Coaching can only take place when there is a coaching client, often referred to as a coachee. This means that coaching is always about the client. The client and the coach are partners in the coaching program. The coach is not a superior but a partner and facilitates the sessions. The perspective can be described as everything the client brings to the program. The coach works with what the client brings to the session.
The coach works with the content that the client brings to the session. You must be able to determine the current state of being (CSoB) of the client. This is the state that is made up of past and present circumstances. This is the journey of life from birth to the present state. It is informed by many life events, good and / or bad.
The perspective is also informed by the background of life, that is, the basis of life, the place of birth, and all the places where the client spent their previous life. It includes the type of youth development programs, games, studies, sports, and community activities to which the client has been exposed.

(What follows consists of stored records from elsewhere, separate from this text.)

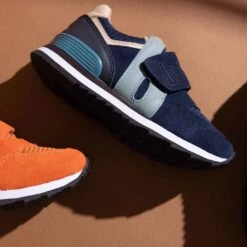 Bisgaard Winston Navy 9 Bisgaard Winston Navy -bisgaardshoes Verkaufsgeschäft 44103 1400 3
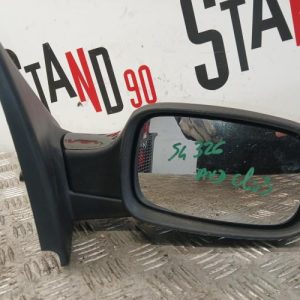 RENAULT CLIO 3 PHASE 1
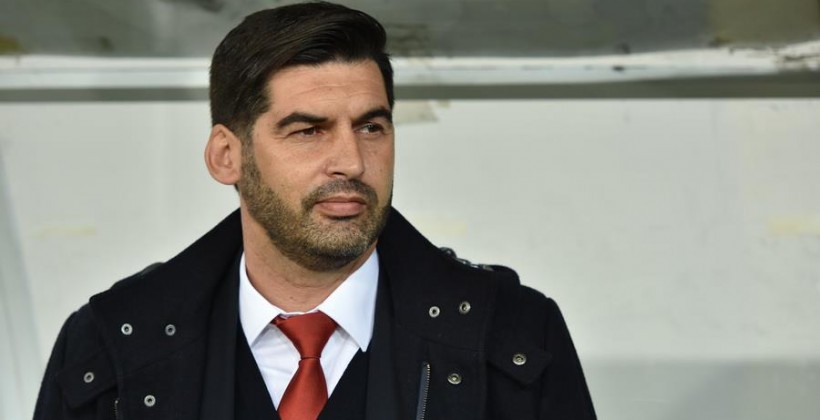 Фонсека попросил не сравнивать его с Луческу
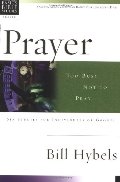 Prayer: Too Busy Not to Pray (Christian Basics Bible Studies) Prayer: Too Busy Not to Pray (Christian Basics Bible Studies)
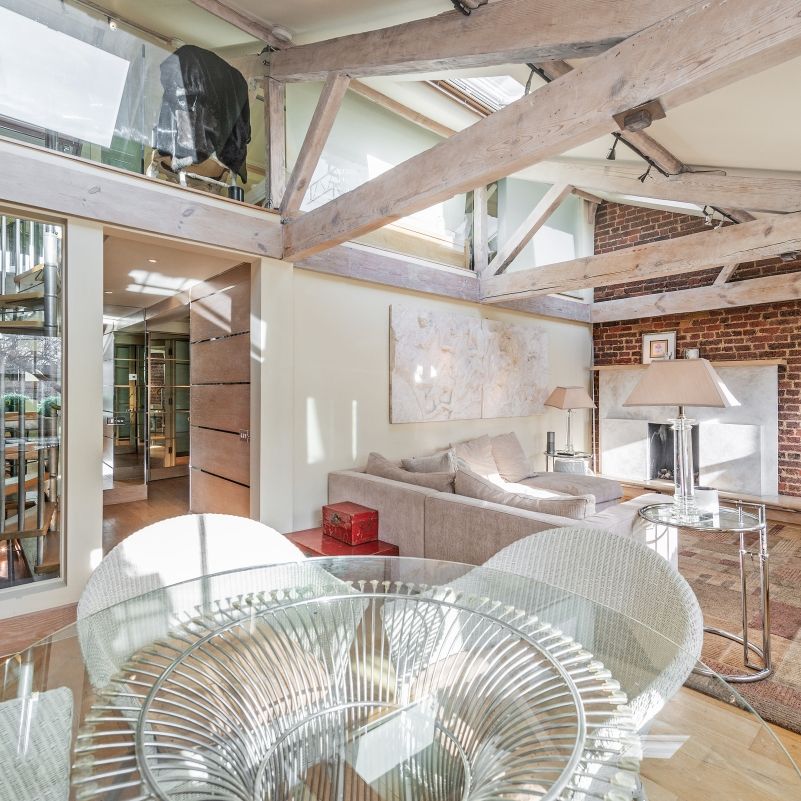 Hyde Park Square, Bayswater, London, W2 - Photo 1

These above activities, including parenting roles, contribute to the development of the client’s personality. The coach works with this personality objectively. The program adds to the positive aspect of the client. Raise the mirror for the client to see their areas of development. It also challenges the client to do something about these development areas. They are an important part of the coaching perspective. The client is considered to be completely healthy. The coach should not judge the client’s personality.
The perspective is also informed by the client’s culture, expressed in the form of languages, traditional practices, lifestyles, family values, beliefs, norms, and the community. This is rich material, that is, perspective, to work on in the coaching program. The coach must continually develop their cultural intelligence (EQ) to bring new inputs to add to the perspective. Each client is culturally unique and must be assisted to appreciate this uniqueness.
Coaching is not about diminishing the cultural richness of the client. It is about adding and enriching it. The perspective informs the coaching process and serves as the basis for determining purpose. It is the first important pillar of the coaching model.
The client’s life experience is another component of the coaching perspective. The experience can be private and / or professional, acquired in a formal and / or informal way. Client gains experience by volunteering in community programs, observing parents and community members doing homework, listening to stories told by other people, reading books, watching television, listening to the radio, attending school and college programs, serving the Internet, discussing with other people and establish contacts, etc.
These learning activities broaden the customer’s worldview. The coach must be able to work with this worldview. Customers have different experiences and should be treated differently. We talk about the coach dancing with the client and meeting him at the level he is at. They are also rated differently and bring this difference to the training program. This means that they also possess different levels of knowledge. Some are specialists and others are generalists. They come from different faculties and sectors of his life. As coaches, we train scientists, engineers, humanities, professors, researchers, executives, doctors, etc.
In conclusion, no matter what qualification clients have in coaching, the coach must be able to work with them. This is what we call perspective in coaching.